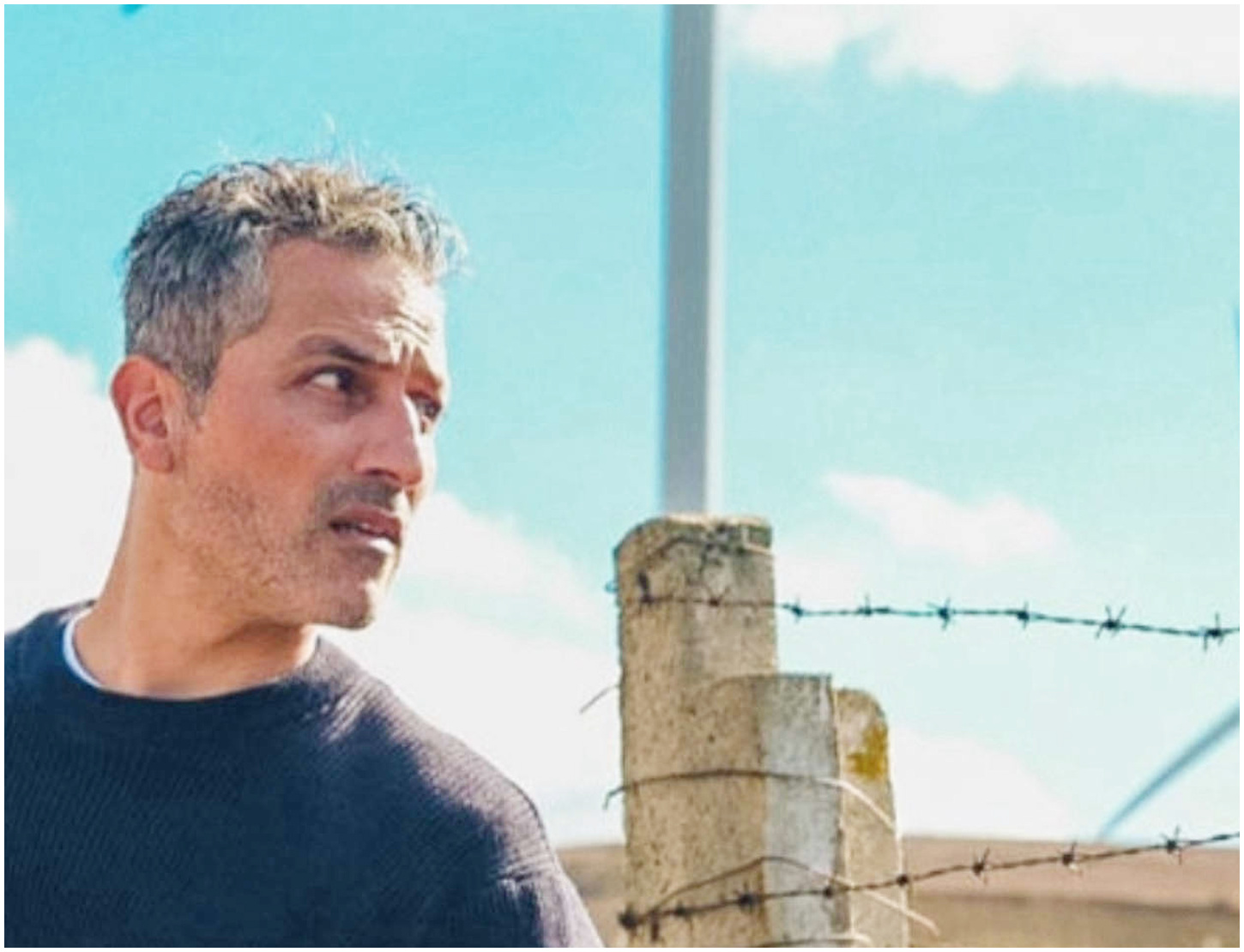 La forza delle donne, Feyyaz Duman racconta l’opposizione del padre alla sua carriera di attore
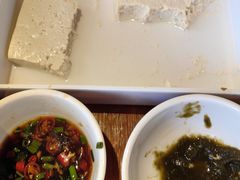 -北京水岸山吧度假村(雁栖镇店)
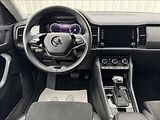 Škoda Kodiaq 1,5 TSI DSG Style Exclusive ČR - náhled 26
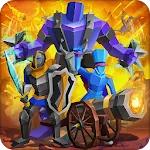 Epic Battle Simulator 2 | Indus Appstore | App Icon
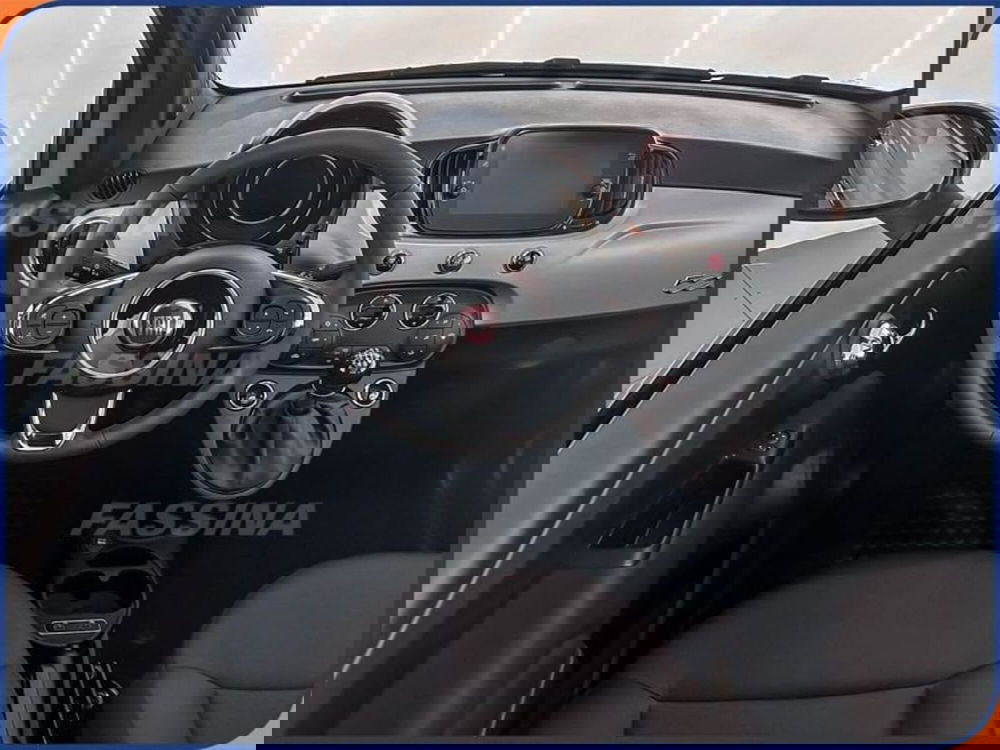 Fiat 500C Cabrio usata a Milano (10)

Exercise aim:
Give every entry again word for word; no images belong in the copy.

Output for this task:
 La forza delle donne, Feyyaz Duman racconta l’opposizione del padre alla sua carriera di attore
 -北京水岸山吧度假村(雁栖镇店)
 Škoda Kodiaq 1,5 TSI DSG Style Exclusive ČR - náhled 26
 Epic Battle Simulator 2 | Indus Appstore | App Icon
 Fiat 500C Cabrio usata a Milano (10)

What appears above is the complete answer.